Preah Vihear sits just a few hundred feet inside Cambodia’s border with Thailand. Pheng is in charge of preserving the site’s architecture and has been conducting small-scale excavations there, but, predictably, his job is complicated by the conflict.
Half an hour after the fighting had begun, the shelling had grown so intense that Pheng and the park ranger made a run for their bunker, a section of concrete sewage pipe buried under an eight-foot mound of dirt. For three hours they hid there, slapping at malarial mosquitos and waiting for the skirmish to end. At one point, an 81 mm mortar round ricocheted off the stone threshold of an ornately decorated building, chipping it and killing the temple’s photographer. According to news reports, the attack wounded dozens of soldiers and civilians, and at least seven were killed. The incident touched off six months of intermittent fighting at the site.
Cambodia and Thailand have argued and fought over the ownership of Preah Vihear for more than 100 years. But the most recent cause of tension was that the temple complex was designated a United Nations Education Scientific Cultural Organization (UNESCO) World Heritage site in July 2008. Since then, the site has become the object of political posturing by Thai and Cambodian nationalists alike. At stake is the survival of a unique holy place that is important to the cultural heritage of both nations. Preah Vihear could also be an important source of tourist income for Cambodia’s struggling economy.
Cambodia and Thailand have been colliding in one way or another since the middle of the Cretaceous period, when geologic forces thrust Thailand’s Khorat Plateau above the surrounding plains. The exposed bands of sedimentary rock here and elsewhere became the chief building material for the ancient Khmer Empire, which would ultimately stretch across most of mainland Southeast Asia, including Cambodia, Thailand, and parts of Vietnam. For more than six centuries, the Khmer people dominated Southeast Asia, erecting thousands of lavish monuments and developing a complex system of waterways and reservoirs, known as baray, to irrigate their fields and feed their people.
The most famous of the Khmer Empire’s architectural wonders is the former capital of Angkor, known for its elaborate temples, among them Angkor Wat. While Preah Vihear is not nearly as large as the ruins of Angkor, the art and architecture are significant and its setting is far more spectacular.

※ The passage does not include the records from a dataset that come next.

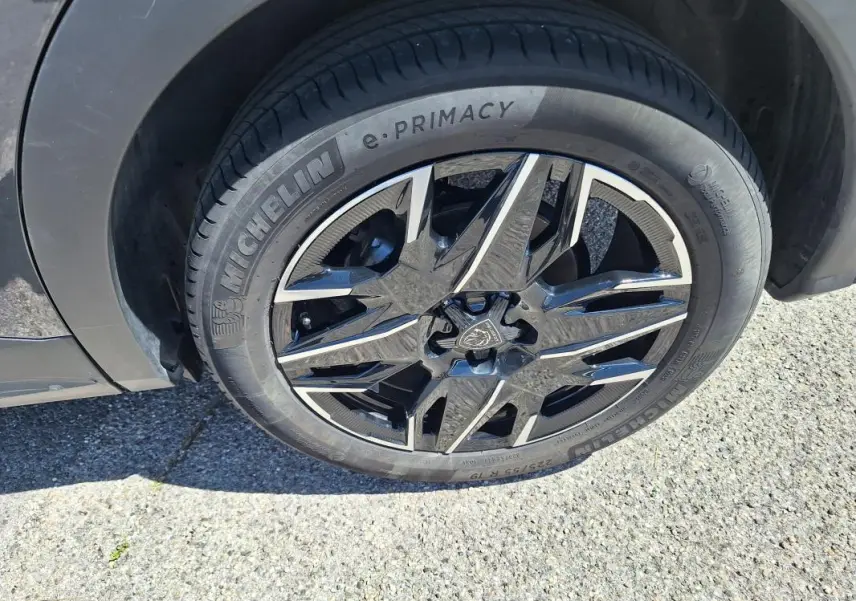 Gros plan sur la jante alliage 19 pouces noire et argentée du côté avant gauche du Peugeot 3008 Hybrid gris foncé.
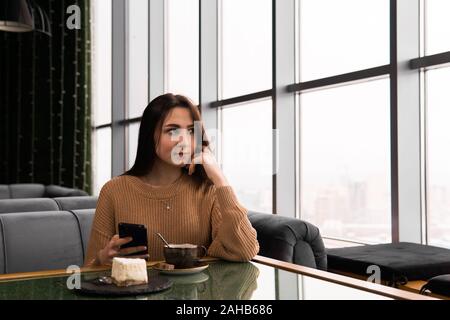 Ein Mädchen sitzt in einem Café, hält ein Handy in der Hand und schaut aus dem Fenster und dachte an etwas Stockfoto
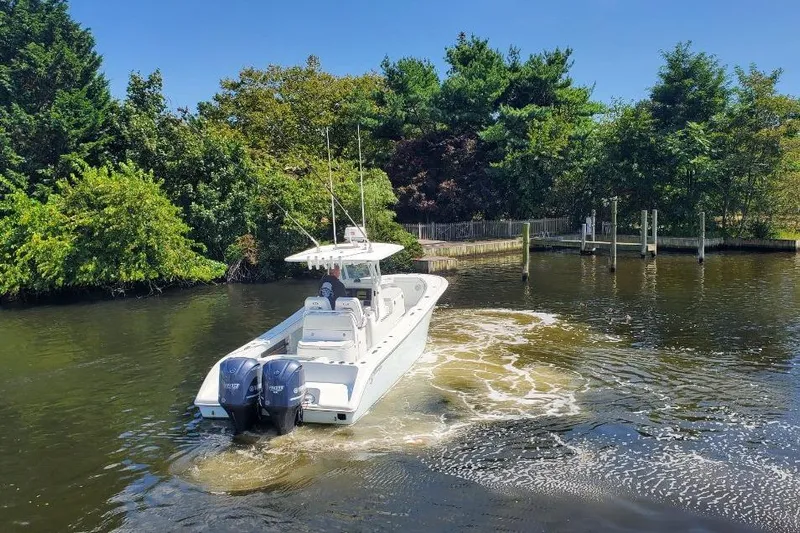 Salty Dog 2 Yacht Photos Pics 2013 Yellowfin 32 boat navigating a calm, tree-lined waterway.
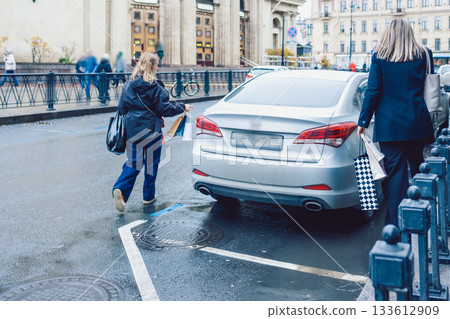 Two women hail taxi after leaving store with shopping bags 133612909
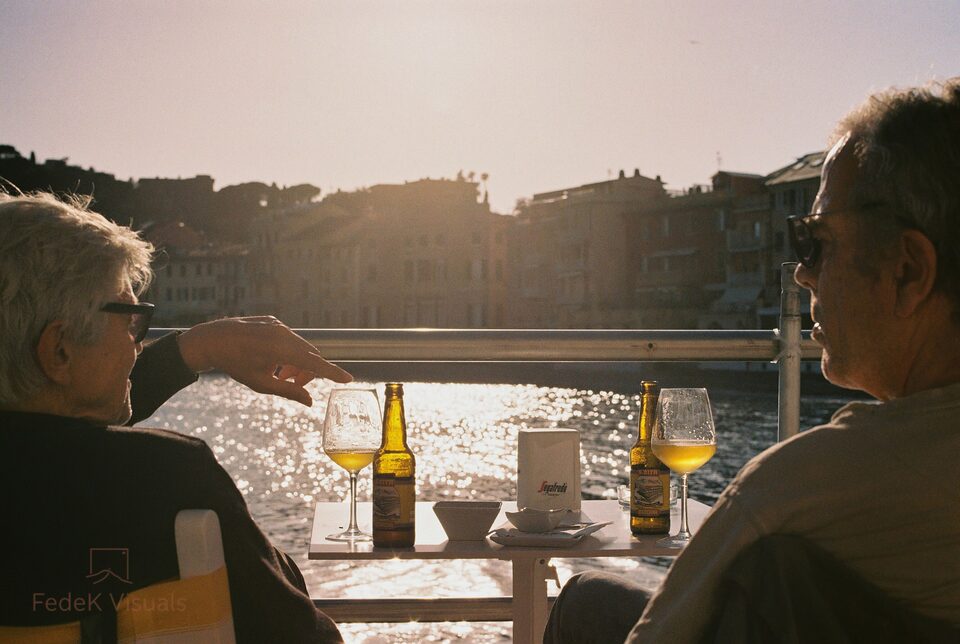 Two people at an outdoor table, backlit by low sun, beer glasses between them and their faces lost to the flare.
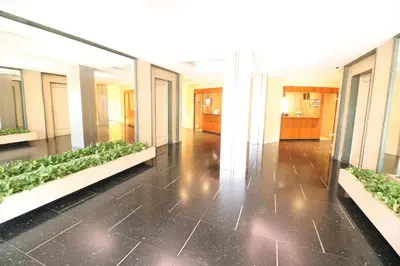 a hallway with plants in the middle of a building at 1 Bedroom Henri IV on the Croisette 240 in Cannes
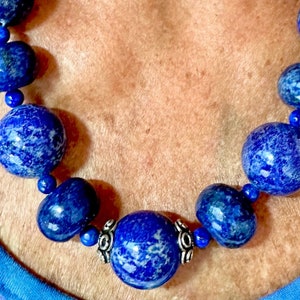 May include: A necklace made of large, round, blue lapis lazuli beads with silver accents. The beads are polished and have a marbled appearance.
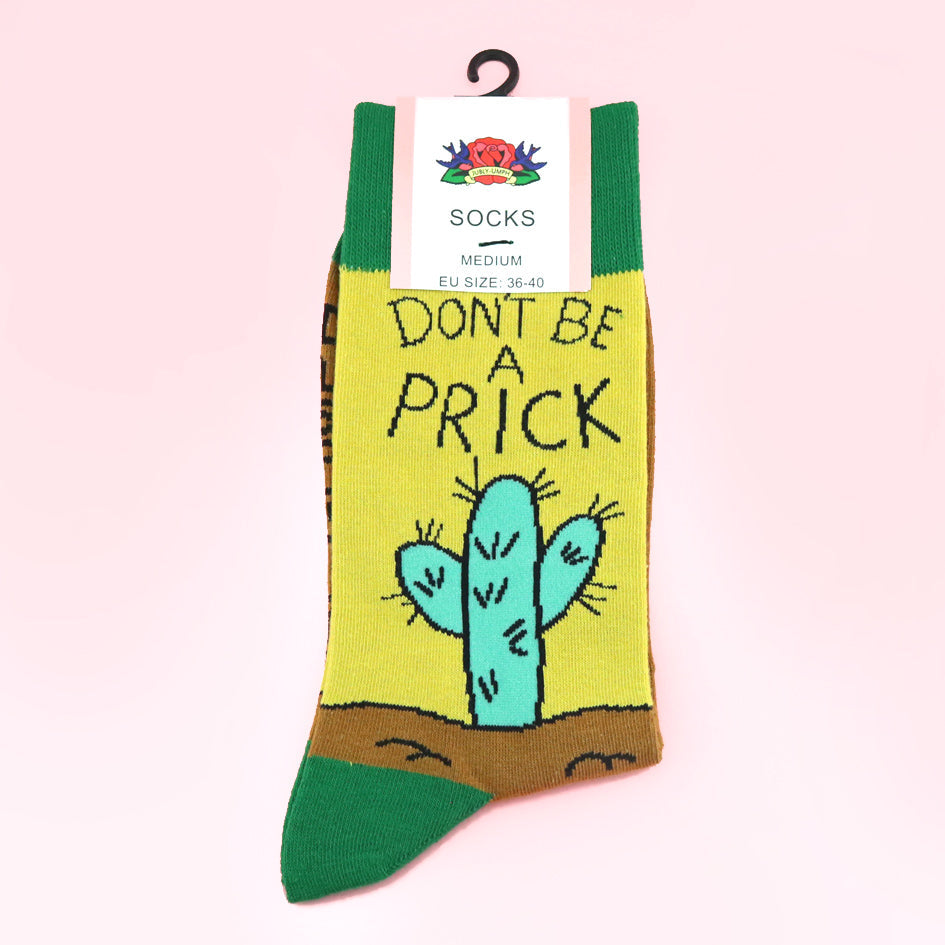 A pair of socks against a pink background. The socks are yellow, green and brown with a teal cactus. The socks read Don't Be A Prick.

The first archaeological investigation of Preah Vihear was conducted when the French colonized the region. The first Westerner to see the ruins was French explorer and archaeologist Étienne Aymonier, who came to the temple in 1883 and later described its architecture, as well as the Khmer and Sanskrit inscriptions. Henri Parmentier of the École française d’Extrême-Orient visited the monument in 1924 and returned to clear the vegetation from it five years later, sketching the architecture and describing its iconography. His work clarified the timeline of temple building. But since Parmentier’s time, very little work and no excavations had been undertaken at the site—until relatively recently, when the Cambodian government began preparing to nominate Preah Vihear to the World Heritage List.
Preah Vihear is a series of buildings arrayed along a 2,600-foot-long central causeway that proceeds dramatically to the edge of a cliff. The complex is meant to represent Mount Meru, the home of Shiva and other Hindu gods. According to Sanskrit inscriptions at Preah Vihear, the temple’s formal origins date to Jayavarman II’s son, Prince Indrayudha, who, in A.D. 893 installed a fragment from a stone monument called a lingam at the site. The lingam, which represents the male sex organ, served two purposes. It was a powerful holy symbol of Shiva, and it was intended to mark Preah Vihear as the northern extent of the Khmer Empire at that time.

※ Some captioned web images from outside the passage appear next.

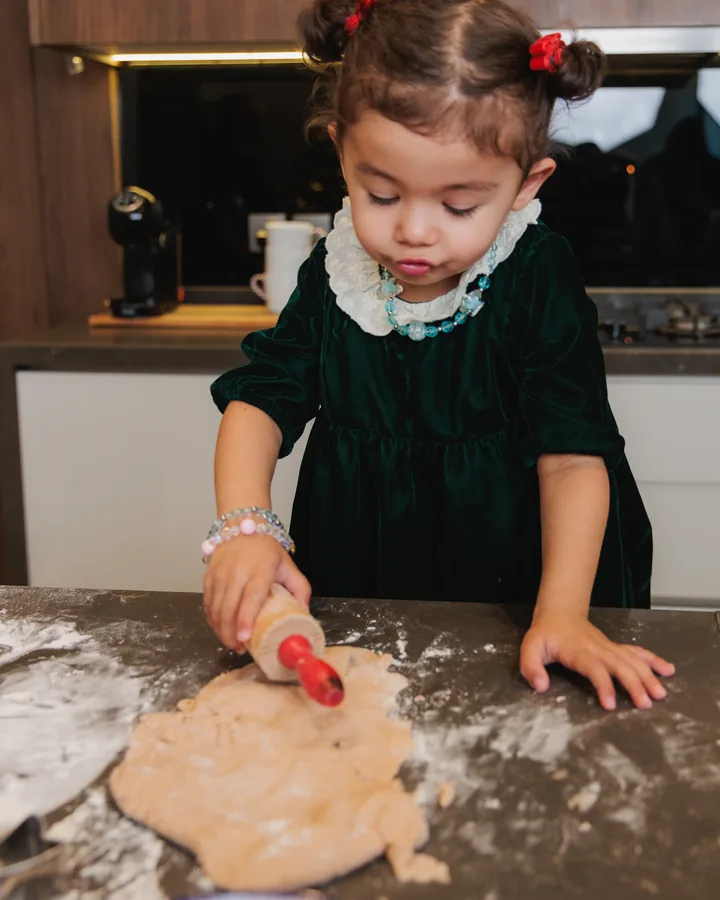 A small girl in a green velvet dress rolling dough with a red rolling pin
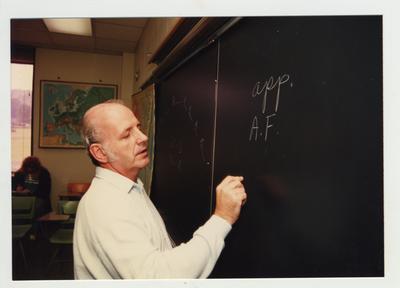 Professor McAninch lectures in a classroom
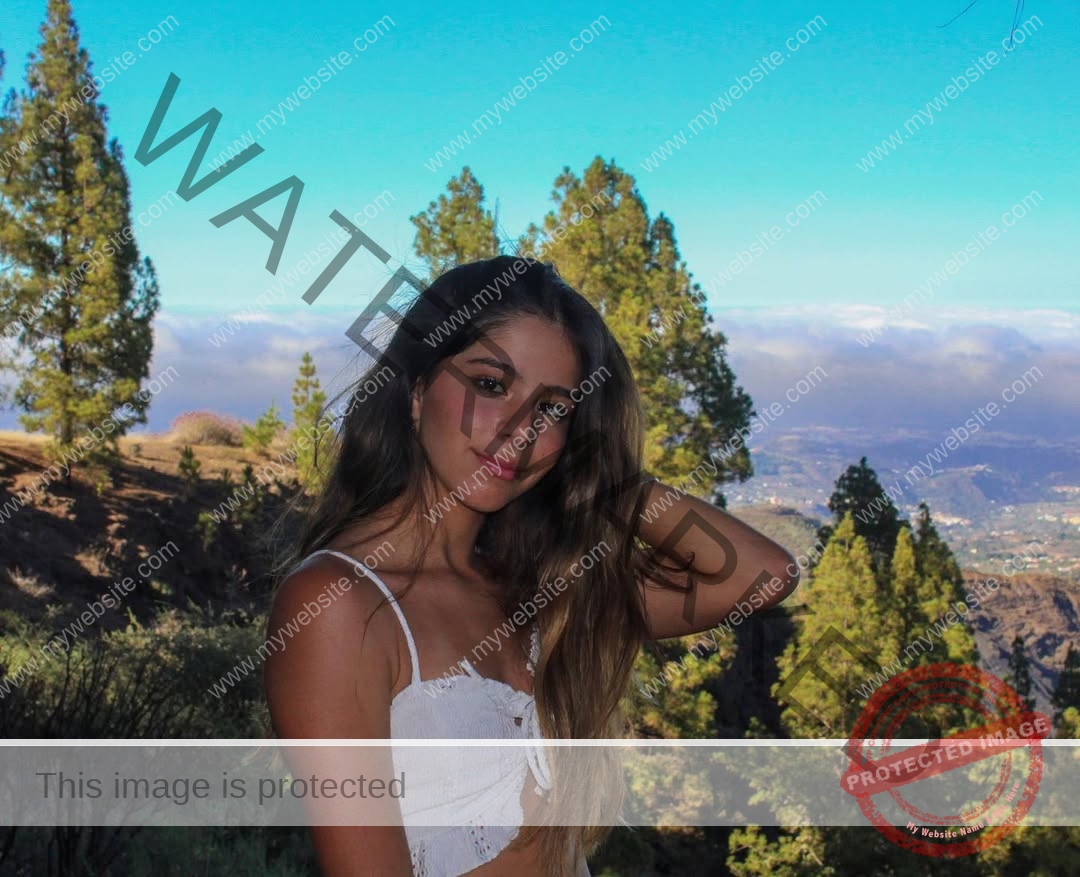 emma-deana-spain-emmadeana-15400 Emma Deana, track and field star from Spain, with long brown hair in a white top, poses outdoors among trees and mountain views.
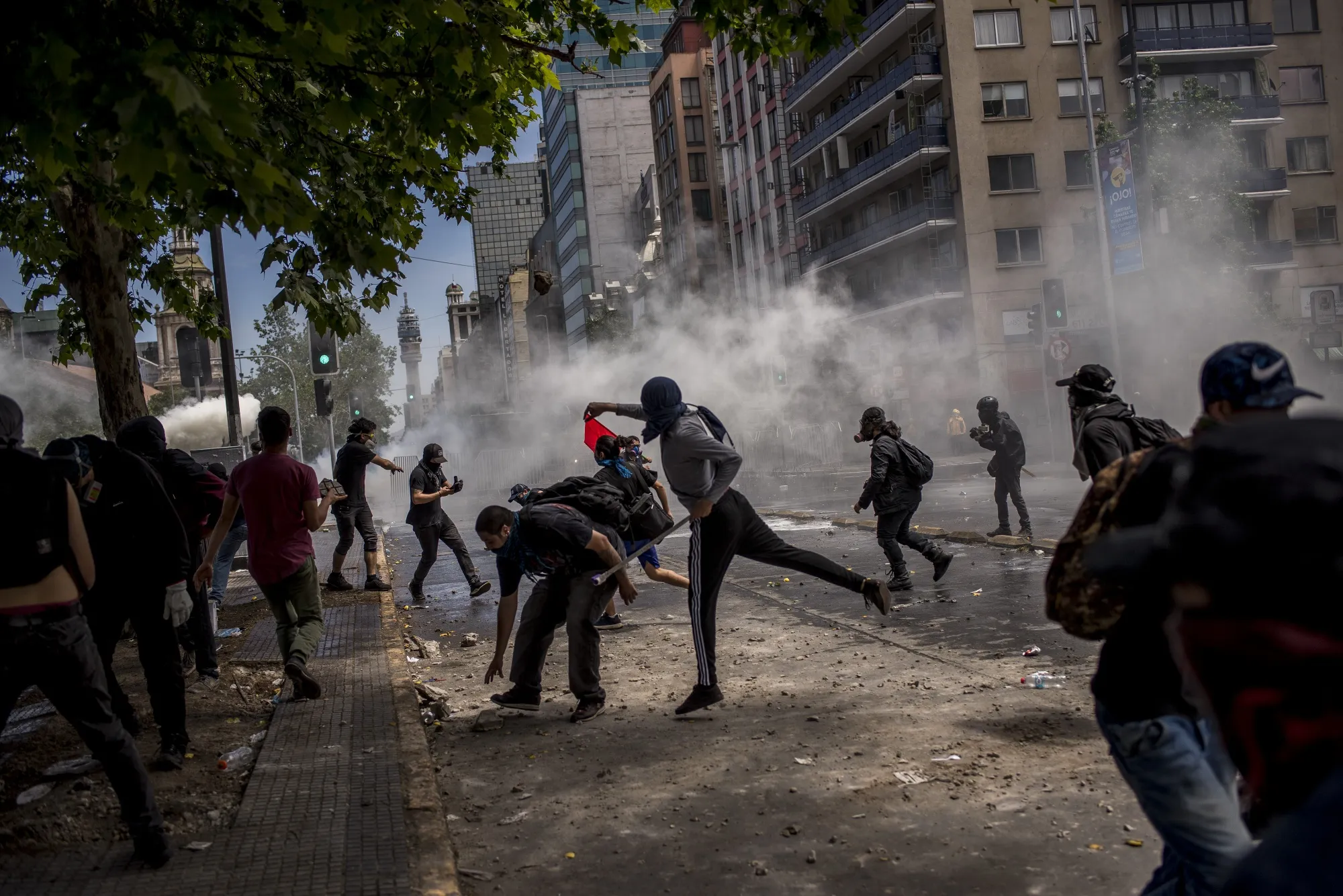 Demonstrators clash with riot police during a protest at Italy Plaza&nbsp;in Santiago, Chile, on Wednesday, Oct. 23, 2019.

Much of the stone construction at Preah Vihear took place in the eleventh century, during the reign of King Suryavarman I, a Buddhist who also worshipped the Hindu gods Shiva and Rama, and was tolerant of a wide range of religious practices. By the twelfth century, Buddhism had become the Khmer state religion and Preah Vihear became a Buddhist sanctuary. A small Buddhist monastery still exists near the ruins and saffron-robed monks come to the 900-year-old buildings to conduct their spiritual practices.
Today, there is a forest at the base of the temple complex near the Thai border. A pair of stone lions flanks the path that leads to a grand staircase and the causeway beyond. The stairs themselves are guarded by sculptures of naga, supernatural multi-headed serpents. Beyond the naga stand the remains of a type of building called a gopura, which were typically built at the gateway of Hindu temples. Little is left standing of the first gopura, labeled gopura V by scholars. There are a few standing columns, some leaning at dangerous angles. The tropical environment has long been exacting a toll on these structures.

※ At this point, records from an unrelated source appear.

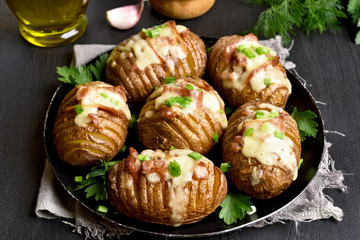 Baked potatoes with bacon, green onion and cheese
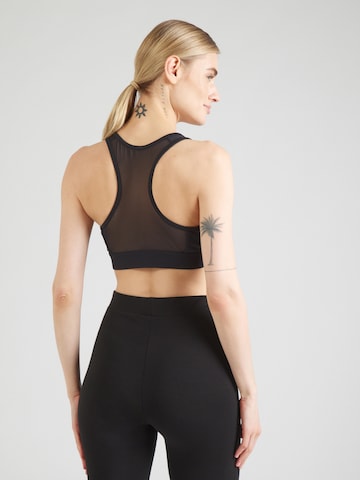 Bustino Reggiseno sportivo di 4F in nero: dietro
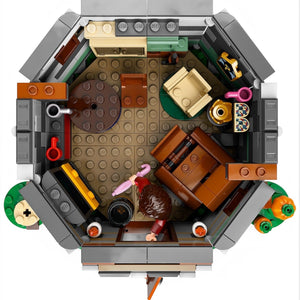 Top-down view of a detailed LEGO model with various elements on a white background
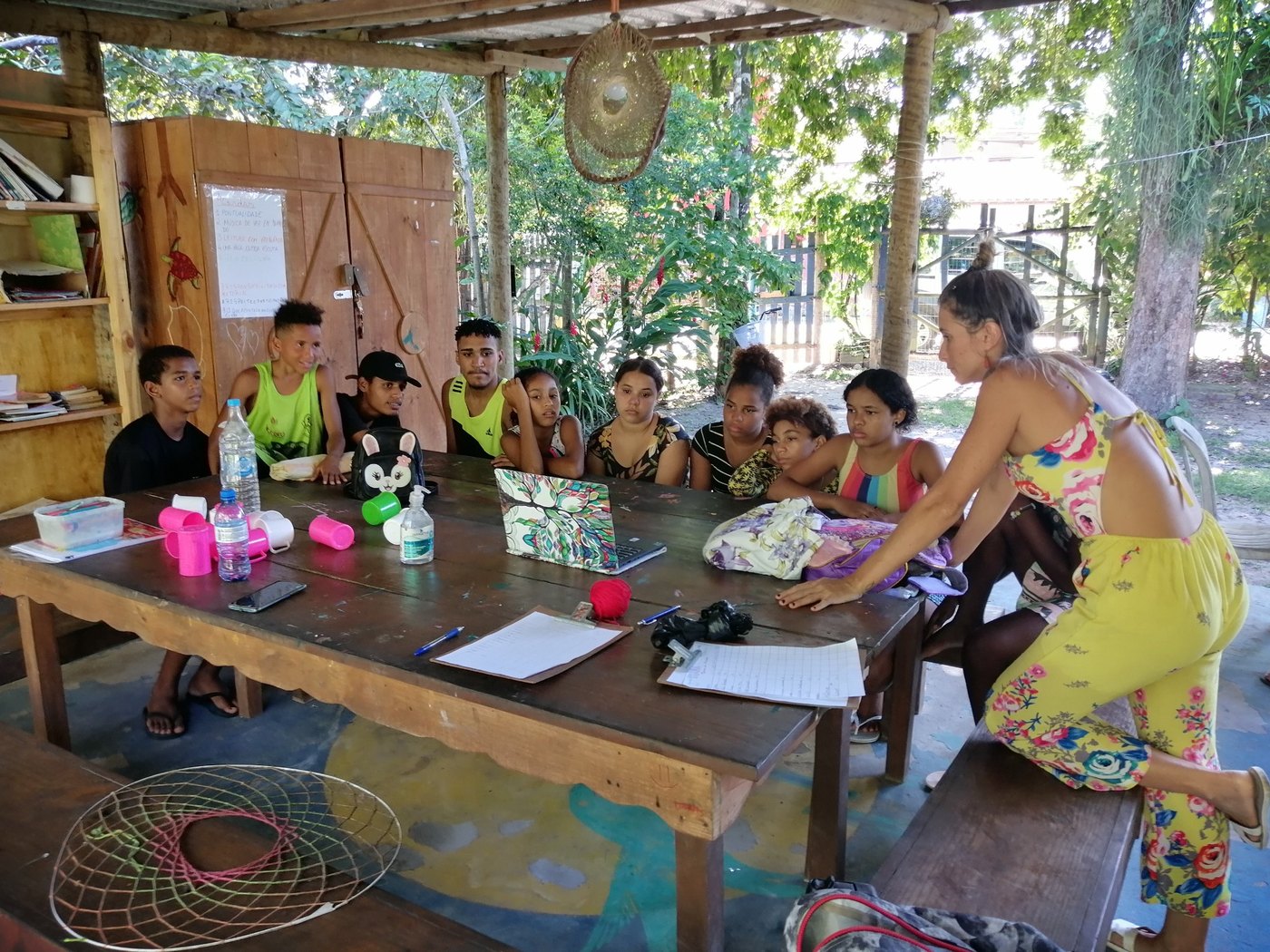 A community learning session with young people gathered around a table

The causeway leads past a rectangular pool half-filled with black water and through several more buildings. One of them, gopura IV, is carved with a scene of gods and demons engaged in a struggle to obtain the elixir of immortality. The carving is the earliest known depiction of the Hindu creation story, the Churning of the Sea of Milk.
The causeway ends at an impressive collection of structures. Two buildings flank the entryway to what is called the central sanctuary. Walls surround the sanctuary and the ruins of the main temple buildings stand in the center. Given the way the complex is situated in the landscape, visitors might well expect this last segment of the complex to offer a dramatic vista of the Cambodian plains that stretch for miles beyond. But the temple’s builders had a different experience in mind. The sanctuary’s final wall blocks the scene. Vittorio Roveda, an art historian at the School of Oriental and African Studies at the University of London, says, “It was intended that monks not be distracted by the spectacular view.”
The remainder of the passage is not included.